Solve the system 2x+2y+z=-2 -x-2y+2z=-5 2x+4y+z=0

1 answer:

8 0

The values of (x,y,z) are (3,-1,-2) , if the given are equations $2x+2y+z=- 2$ , $-x-2y+2z=-5$ and $2x+4y+z=0$ .

Step-by-step explanation:

The given is,

$2x+2y+z=- 2$ .......................................(1)

$-x-2y+2z=-5$ ......................................(2)

$2x+4y+z=0$ .........................................(3)

Step:1

Equation (2) is multiplied by -1 ( Eqn(2) × -1 )

$x+2y-2z=5$ .............................(4)

Subtract the equation (1) and (4)

$2x+2y+z=- 2$

$x+2y-2z=5$

( - )

$(2x-x)+(2y-2y)+(z+2z)=(-2-5)$

$x+3z=-7$ ......................(5)

Step:2

Equation (2) is multiplied by -2 ( Eqn(2) × -2)

$2x+4y-4z=10$ ........................(6)

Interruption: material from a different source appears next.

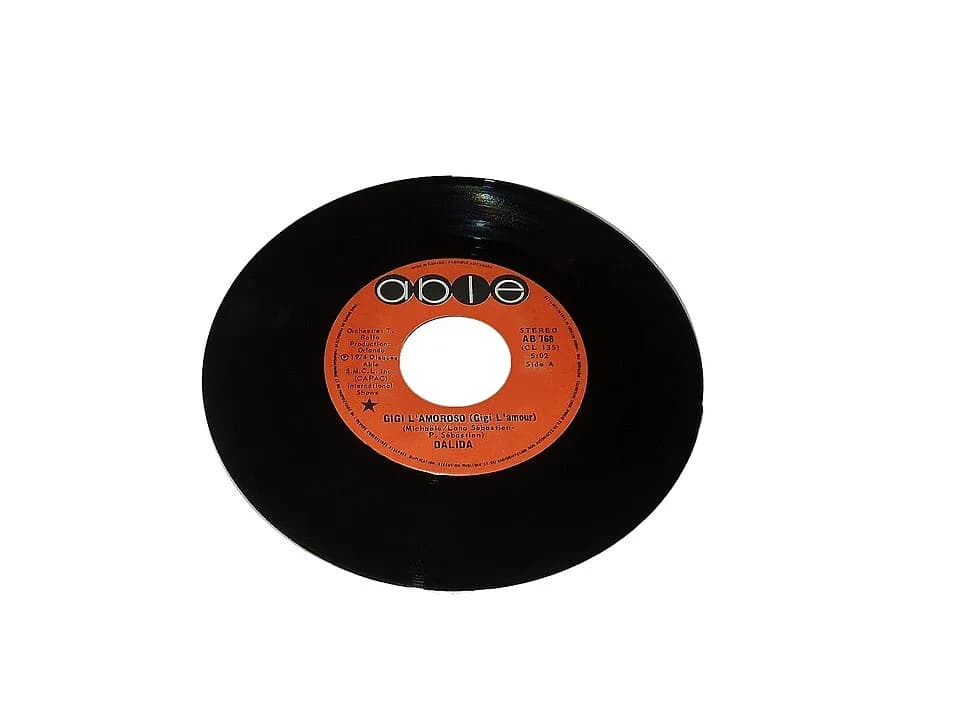 Dalida Dalida - Disque de "Gigi l'amoroso" et "Il venait d'avoir 18 ans" chanté par Dalida.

Subtract equation (6) and (3),

$2x+4y-4z=10$

$2x+4y+z=0$

( - )

$(2x-2x)+(4y-4y)+(-4z-z)= (10-0)$

$-5z=10$

$z = - \frac{10}{5}$

z = -2

From the equation (5),

$x+3z=-7$

$x+(3)(-2)=-7$

$x = -7+6$

x = -1

From equation (1),

$2x+2y+z=- 2$

Substitute x and z values,

$(2)(-1)+2y+(-2)=-2$

$2y - 4=2$

$2y=4-2$

$2y=2$

$y=\frac{2}{2}$

y = 1

Step:3

Check for solution,

$-x-2y+2z=-5$

Substitute x,y and z values,

$-(-1)-(2)(1)+(2)(-2)=-5$

$1-2-4=-5$

-5 = -5

Result:

The values of (x,y,z) are (3,-1,-2) , if the given are equations $2x+2y+z=- 2$ , $-x-2y+2z=-5$ and $2x+4y+z=0$ .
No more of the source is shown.